ECLI:NL:RBMNE:2025:2796

Rechtbank Midden-Nederland

Datum uitspraak
11 juni 2025
Publicatiedatum
10 juni 2025
Zaaknummer
24/749
Instantie
Rechtbank Midden-Nederland
Type
Uitspraak
Rechtsgebied
Bestuursrecht
Procedures
  • Eerste aanleg - enkelvoudig
Vindplaatsen
  • Rechtspraak.nl
AI samenvatting door LexboostAutomatisch gegenereerd

Niet-ontvankelijkheid van beroep inzake kinderopvangtoeslag na herbeoordeling door Dienst Toeslagen

In deze zaak heeft eiseres, een gedupeerde van de toeslagenaffaire, verzocht om herbeoordeling van haar recht op kinderopvangtoeslag op basis van de Wet hersteloperatie toeslagen (Wht). Dienst Toeslagen heeft een lichte toets uitgevoerd en eiseres niet als gedupeerde aangemerkt, wat leidde tot een afwijzing van haar verzoek om compensatie. Eiseres heeft hiertegen bezwaar gemaakt, maar dit bezwaar werd ongegrond verklaard. Vervolgens heeft eiseres beroep ingesteld, maar beide partijen zijn niet verschenen op de zitting. Eiseres had een dag voor de zitting verzocht om uitstel, omdat zij pas op dat moment een advocaat had gevonden. De rechtbank heeft dit verzoek afgewezen, omdat eiseres zelf verantwoordelijk is voor tijdige inschakeling van juridische bijstand.

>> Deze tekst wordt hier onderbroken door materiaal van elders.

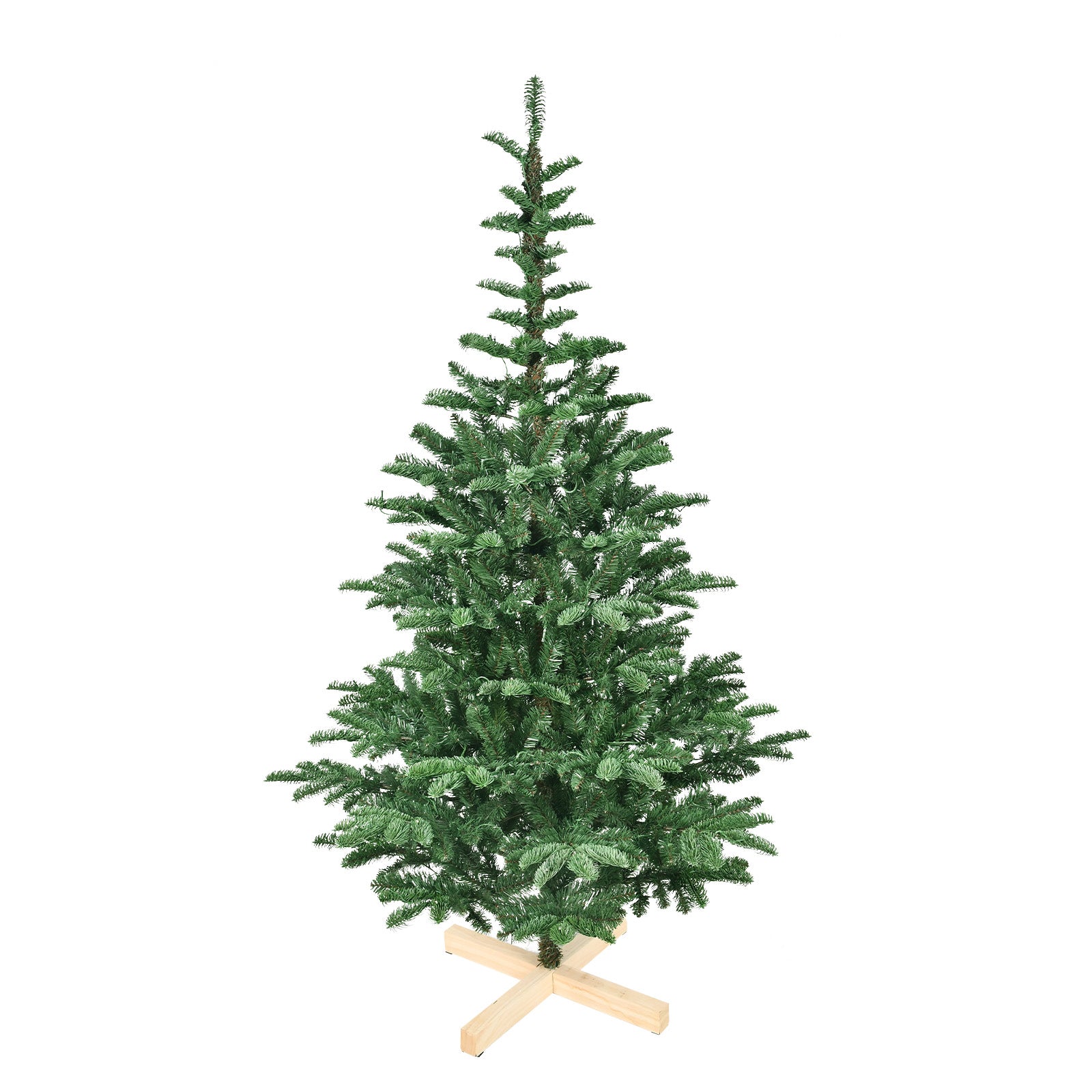 PE/PVC Christmas Tree in 5 to 8 ft - Holiday Decorations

De rechtbank heeft geoordeeld dat eiseres geen procesbelang heeft bij haar beroep, aangezien Dienst Toeslagen inmiddels een integrale beoordeling heeft uitgevoerd en eiseres alsnog als gedupeerde is aangemerkt. Eiseres heeft het compensatiebedrag van € 30.000,- ontvangen, evenals rente. Hierdoor heeft zij geen belang meer bij de uitspraak over de lichte toets, omdat deze geen voordeel meer oplevert. De rechtbank heeft daarom het beroep niet-ontvankelijk verklaard, en eiseres krijgt geen griffierecht terug en heeft geen recht op vergoeding van proceskosten. De uitspraak is gedaan door mr. S.T. Könning op 11 juni 2025.

Uitspraak

RECHTBANK MIDDEN-NEDERLAND
Zittingsplaats Utrecht
Bestuursrecht
zaaknummer: UTR 24/749

uitspraak van de enkelvoudige kamer van 11 juni 2025 in de zaak tussen

[eiseres] , uit [plaats] ( [stad] , België), eiseres

en

Dienst Toeslagen

(gemachtigde: mw. [gemachtigde] ).

Inleiding

1. Eiseres heeft zich bij Dienst Toeslagen gemeld als gedupeerde van de toeslagenaffaire en verzocht om een herbeoordeling van haar recht op kinderopvangtoeslag op grond van de Wet hersteloperatie toeslagen (Wht).
2. Dienst Toeslagen heeft vervolgens een zogeheten ‘lichte toets’ uitgevoerd. Bij die toets is gekeken of eiseres als gedupeerde kan worden aangemerkt en daarmee in aanmerking komt voor het vaste compensatiebedrag van € 30.000,- (op basis van de Catshuisregeling). Met het besluit van 18 maart 2022 heeft Dienst Toeslagen eiseres niet als gedupeerde aangemerkt waardoor zij geen recht had op compensatie.
3. Tegen dit besluit heeft eiseres bezwaar gemaakt. Dit bezwaar is door Dienst Toeslagen met het besluit van 15 januari 2024 (het bestreden besluit) ongegrond verklaard. Eiseres heeft daartegen beroep ingesteld. Verweerder heeft op het beroep gereageerd met een verweerschrift.
4. De rechtbank heeft het beroep op 15 april 2025 op zitting behandeld. Beide partijen zijn niet op de zitting verschenen.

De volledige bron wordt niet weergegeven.